Exakt diesem Anspruch trat Greven mit seiner Continental-Firmenpolitik entgegen. Er initiierte mehrere ambitionierte Verfilmungen der französischen Hoch-Literatur (Guy de Maupassant, Émile Zola, Honoré de Balzac) und beschäftigte „nicht nur den von der Gestapo verhafteten Drehbuchautoren Charles Spaak, sondern hielt auch ganz bewußt seine schützende Hand über den von der Besatzungsmacht gesuchten Kommunisten, Widerstandskämpfer und Juden Jean-Paul Dreyfus, Tarnname Le Chanois, wie Spaak Drehbuchautor (Continental-Film „Die Teufelshand“ [42]).“[5] Auch der Regieassistent Jean Devaivre, in seiner Zweitexistenz Widerstandskämpfer, wurde von der Continental beschäftigt. Mit Der Rabe, einem düsteren Abbild einer Gesellschaft unter permanentem Misstrauen und Denunziationsdruck, erlangte Continental-Films 1943 ihren künstlerischen Produktionshöhepunkt, auch wenn dieser Film gleich nach der Befreiung von den neuen französischen Regierungsstellen augenblicklich verboten wurde und die beiden Hauptdarsteller, Pierre Fresnay und Ginette Leclerc, wegen angeblicher Kollaboration mit dem Feind zeitweilig mit Arbeitsverbot belegt bzw. sogar mit sechsmonatiger Gefängnishaft bestraft wurden. „Rabe“-Regisseur Clouzot erhielt erst nach drei Jahren des Boykotts wieder einen Regieauftrag und konnte erst 1947 seinen ersten Nachkriegsfilm inszenieren.

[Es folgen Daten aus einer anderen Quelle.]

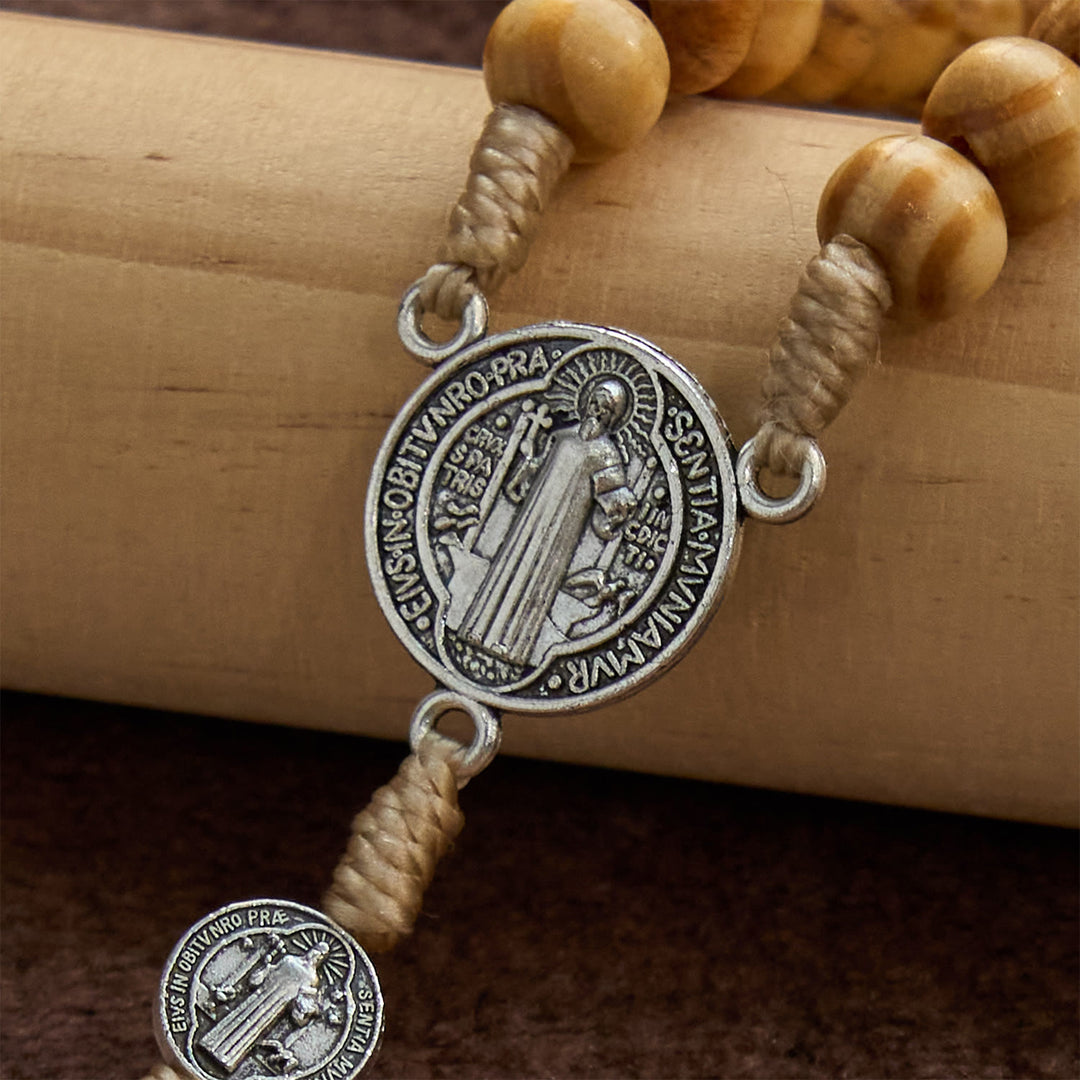 Christianartworkshop Rosenkranz mit St. Benedikt und Kruzifix aus runden 8-mm-Perlen aus Olivenholz: Gesegnete Hingabe in jeder Perle - image 7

Noch für das Produktionsjahr 1944 plante Greven, um den erzürnten Goebbels im fernen Berlin zu besänftigen und dessen Wünschen nach mehr deutscher Darstellerbeteiligung in Continental-Filmen nachzukommen, „auch deutsche Filme herzustellen. Dazu versucht Greven die deutschsprechenden italienischen Schauspielerinnen Alida Valli und Vivi Gioi für Titelrollen zu verpflichten; dies misslingt. Im Mai 1944 verpflichtet Greven dann die Schauspieler Oskar Sima, Wolf Albach-Retty und Inge Egger. Doch zur Produktion kommt es nicht mehr.“[3] Das Ende der Continental-Films kam ebenso plötzlich wie total. Nachdem Amerikaner, Briten und “freie Franzosen” im Juni 1944 in der Normandie gelandet waren, stellte die deutsch-französische Filmgesellschaft ihre Arbeit nach dreidreiviertel Jahren vollkommen ein. Zwei Monate darauf (August 1944) rückten die Alliierten in Paris ein und befreiten die französische Hauptstadt. Zu diesem Zeitpunkt befand sich Continental-Chef Greven längst wieder im Reich.

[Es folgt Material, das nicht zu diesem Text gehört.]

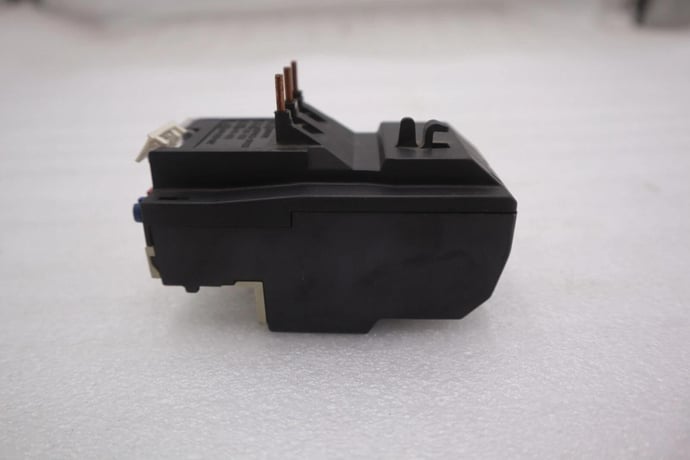 SCHNIDER LR2-D1305 THERMAL OVERLOAD RELAY STOCK #K-3671 - Image 4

2001 inszenierte Bertrand Tavernier den französischen Film Laissez-passer (auf Deutsch: “Passierschein”), der in knapp drei Stunden Spieldauer die Arbeit französischer Filmschaffender unter dem Dach der Continental nacherzählt. Firmenchef Greven wurde hier von Christian Berkel verkörpert.